Extraction pipeline
The camara-senadores-mex pipeline runs two main traversals: roll-call voting events and senator profiles. Both use Scrapy, but they have different sources and acceptance criteria.
Vote IDs
│
▼
/66/votacion/{id}
│
├── temporal parsing
│
└── POST viewTableVot.php
│
▼
roll-call rows
│
▼
SQLite: votaciones + votos_nominales
│
▼
observed senator IDs
│
▼
/66/senador/{id}
│
▼
SQLite: available senators
1. ID selection
The vote spider accepts two input modes:
| Mode | Behavior |
|---|---|
max_id | Iterates range(1, max_id + 1). |
ids | Uses an explicit comma-separated list. |
This supports both large crawls and selective recrawls of specific cases.
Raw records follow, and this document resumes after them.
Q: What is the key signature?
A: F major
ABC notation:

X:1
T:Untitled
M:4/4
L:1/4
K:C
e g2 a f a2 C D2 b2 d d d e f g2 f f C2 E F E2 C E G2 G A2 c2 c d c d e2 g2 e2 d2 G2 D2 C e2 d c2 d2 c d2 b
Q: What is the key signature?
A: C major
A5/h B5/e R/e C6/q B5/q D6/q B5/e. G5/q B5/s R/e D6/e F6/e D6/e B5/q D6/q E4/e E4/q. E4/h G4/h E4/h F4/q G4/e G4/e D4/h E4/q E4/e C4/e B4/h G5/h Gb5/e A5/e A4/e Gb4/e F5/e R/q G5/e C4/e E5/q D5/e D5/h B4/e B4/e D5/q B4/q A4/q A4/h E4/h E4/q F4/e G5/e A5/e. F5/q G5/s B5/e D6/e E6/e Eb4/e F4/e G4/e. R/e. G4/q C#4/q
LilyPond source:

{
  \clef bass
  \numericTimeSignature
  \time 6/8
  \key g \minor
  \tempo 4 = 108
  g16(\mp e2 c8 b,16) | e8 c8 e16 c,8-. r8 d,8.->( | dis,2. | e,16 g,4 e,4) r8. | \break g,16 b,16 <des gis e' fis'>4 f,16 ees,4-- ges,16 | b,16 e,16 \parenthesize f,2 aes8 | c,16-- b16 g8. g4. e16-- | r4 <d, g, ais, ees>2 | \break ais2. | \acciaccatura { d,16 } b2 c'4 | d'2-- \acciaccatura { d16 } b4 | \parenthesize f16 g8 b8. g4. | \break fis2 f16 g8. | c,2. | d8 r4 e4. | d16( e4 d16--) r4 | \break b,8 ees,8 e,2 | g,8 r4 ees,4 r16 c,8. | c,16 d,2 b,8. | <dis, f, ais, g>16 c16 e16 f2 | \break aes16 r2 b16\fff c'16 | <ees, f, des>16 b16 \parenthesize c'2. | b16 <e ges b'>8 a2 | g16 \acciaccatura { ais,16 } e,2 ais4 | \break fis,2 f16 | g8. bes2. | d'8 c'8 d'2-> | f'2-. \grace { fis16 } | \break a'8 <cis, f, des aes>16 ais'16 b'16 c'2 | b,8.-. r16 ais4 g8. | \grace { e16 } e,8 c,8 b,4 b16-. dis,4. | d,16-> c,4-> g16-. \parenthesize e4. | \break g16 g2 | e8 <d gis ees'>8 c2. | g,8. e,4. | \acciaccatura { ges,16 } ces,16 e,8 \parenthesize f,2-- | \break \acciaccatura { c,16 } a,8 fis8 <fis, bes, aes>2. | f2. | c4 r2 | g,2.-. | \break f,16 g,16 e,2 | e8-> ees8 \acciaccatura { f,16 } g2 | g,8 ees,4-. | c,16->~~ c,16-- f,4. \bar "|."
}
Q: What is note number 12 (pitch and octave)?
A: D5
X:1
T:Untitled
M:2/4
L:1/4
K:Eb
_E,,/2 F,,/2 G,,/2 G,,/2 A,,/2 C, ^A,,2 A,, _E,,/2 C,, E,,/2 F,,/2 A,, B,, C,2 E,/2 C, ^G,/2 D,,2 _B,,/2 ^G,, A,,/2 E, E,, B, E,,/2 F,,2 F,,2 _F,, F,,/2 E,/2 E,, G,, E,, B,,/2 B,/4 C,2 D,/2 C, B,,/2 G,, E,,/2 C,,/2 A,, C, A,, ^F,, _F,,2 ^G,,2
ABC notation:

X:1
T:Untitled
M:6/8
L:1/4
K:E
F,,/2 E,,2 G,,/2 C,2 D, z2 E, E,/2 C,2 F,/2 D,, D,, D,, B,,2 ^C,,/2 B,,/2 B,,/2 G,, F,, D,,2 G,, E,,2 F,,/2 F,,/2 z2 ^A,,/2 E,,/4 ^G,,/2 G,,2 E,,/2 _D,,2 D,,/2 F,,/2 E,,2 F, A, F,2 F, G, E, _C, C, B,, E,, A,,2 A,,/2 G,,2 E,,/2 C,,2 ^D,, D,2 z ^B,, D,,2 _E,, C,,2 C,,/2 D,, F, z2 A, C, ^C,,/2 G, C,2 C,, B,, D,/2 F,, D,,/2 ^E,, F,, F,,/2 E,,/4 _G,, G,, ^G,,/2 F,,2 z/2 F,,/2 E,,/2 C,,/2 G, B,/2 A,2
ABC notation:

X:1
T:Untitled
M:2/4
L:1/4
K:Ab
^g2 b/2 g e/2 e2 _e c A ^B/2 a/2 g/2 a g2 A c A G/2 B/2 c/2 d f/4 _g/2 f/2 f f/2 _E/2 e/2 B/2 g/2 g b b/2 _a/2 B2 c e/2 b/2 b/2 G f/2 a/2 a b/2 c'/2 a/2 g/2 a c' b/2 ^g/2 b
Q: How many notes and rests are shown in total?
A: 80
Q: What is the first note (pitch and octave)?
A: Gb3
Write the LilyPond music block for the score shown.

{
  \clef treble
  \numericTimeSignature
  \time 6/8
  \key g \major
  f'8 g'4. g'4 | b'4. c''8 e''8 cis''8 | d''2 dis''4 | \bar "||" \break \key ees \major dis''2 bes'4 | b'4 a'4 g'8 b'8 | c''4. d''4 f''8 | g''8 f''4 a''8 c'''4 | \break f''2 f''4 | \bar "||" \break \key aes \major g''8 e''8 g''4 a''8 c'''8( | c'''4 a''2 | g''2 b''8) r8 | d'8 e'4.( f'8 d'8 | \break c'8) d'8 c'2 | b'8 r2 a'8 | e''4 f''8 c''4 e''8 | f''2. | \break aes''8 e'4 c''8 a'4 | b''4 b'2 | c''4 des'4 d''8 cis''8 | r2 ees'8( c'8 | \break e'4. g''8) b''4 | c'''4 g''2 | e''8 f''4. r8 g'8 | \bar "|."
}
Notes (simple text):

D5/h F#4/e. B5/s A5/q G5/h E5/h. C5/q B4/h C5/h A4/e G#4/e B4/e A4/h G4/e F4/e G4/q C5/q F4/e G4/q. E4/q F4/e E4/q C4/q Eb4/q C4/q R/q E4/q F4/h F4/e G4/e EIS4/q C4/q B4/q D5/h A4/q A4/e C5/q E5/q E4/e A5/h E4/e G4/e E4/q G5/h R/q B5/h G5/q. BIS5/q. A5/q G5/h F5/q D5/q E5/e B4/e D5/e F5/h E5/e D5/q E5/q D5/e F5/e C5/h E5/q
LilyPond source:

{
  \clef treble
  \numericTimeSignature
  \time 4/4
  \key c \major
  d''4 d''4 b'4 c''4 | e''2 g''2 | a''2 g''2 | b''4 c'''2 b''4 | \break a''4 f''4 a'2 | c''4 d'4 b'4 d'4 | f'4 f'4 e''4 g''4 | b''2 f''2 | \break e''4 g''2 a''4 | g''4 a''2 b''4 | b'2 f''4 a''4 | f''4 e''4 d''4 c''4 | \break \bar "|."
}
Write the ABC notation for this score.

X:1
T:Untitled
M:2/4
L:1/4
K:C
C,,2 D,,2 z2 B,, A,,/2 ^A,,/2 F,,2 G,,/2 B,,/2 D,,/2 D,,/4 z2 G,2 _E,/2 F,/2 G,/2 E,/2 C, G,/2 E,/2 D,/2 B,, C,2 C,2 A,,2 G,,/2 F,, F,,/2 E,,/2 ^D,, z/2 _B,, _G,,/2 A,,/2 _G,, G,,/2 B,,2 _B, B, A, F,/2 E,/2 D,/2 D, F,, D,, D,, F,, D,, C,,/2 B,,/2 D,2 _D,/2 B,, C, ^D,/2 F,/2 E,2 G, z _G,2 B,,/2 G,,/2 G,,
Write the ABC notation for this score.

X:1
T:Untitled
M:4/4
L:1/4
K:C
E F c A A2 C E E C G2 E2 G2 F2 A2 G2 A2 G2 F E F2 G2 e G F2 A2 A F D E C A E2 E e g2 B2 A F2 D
Operational examples documented by the spider itself:
scrapy crawl votaciones
scrapy crawl votaciones -a max_id=50
scrapy crawl votaciones -a ids=347,891,2103,2789,3671,4256,4890
The authorized traversal of the final dataset used the [1, 5000] range; the pipeline documentation does not invent additional filters by legislature, party, or vote type.
2. Vote HTML request
For each ID, Scrapy requests:
https://www.senado.gob.mx/66/votacion/{id}
The request includes browser impersonation in meta to mitigate the WAF:
meta={"vote_id": vote_id, "impersonate": "chrome131"}
On that response, the parser attempts to extract temporal metadata:
- legislature;
- year of exercise;
- period;
- date.
The parser checks direct <strong> text and fragments separated by <br>. If the legislature is not explicit, it may be inferred from the date using known ranges from LX to LXVI.
3. Current AJAX request
After the initial HTML, the spider always queries the roll-call AJAX view:
POST https://www.senado.gob.mx/66/app/votaciones/functions/viewTableVot.php
The request uses a form-urlencoded body:
action=ajax&cell=1&order=DESC&votacion={id}&q=
and headers:
Content-Type: application/x-www-form-urlencoded
X-Requested-With: XMLHttpRequest
Referer: <vote page URL>
The decision on whether a voting event has data is made in parse_votes(), with the AJAX response as the main evidence. If there are no votes and the legislature could not be resolved either, the case is silently discarded; if there are votes or legislative metadata, the voting event is emitted.
4. Roll-call row parsing
The parser traverses <tr> rows and requires at least four cells. For each useful row:
- takes the name from the link in the second cell;
- cleans prefixes such as
Sen./Senador/Senadora; - reorders comma-form names (
Surname, Name→Name Surname); - extracts the party from the third cell;
- joins all text nodes in the fourth cell to preserve multi-node vote values;
- extracts
senador_idfrom the name or partyhref; - emits
VotoNominalItemonly when bothsenador_idand name exist.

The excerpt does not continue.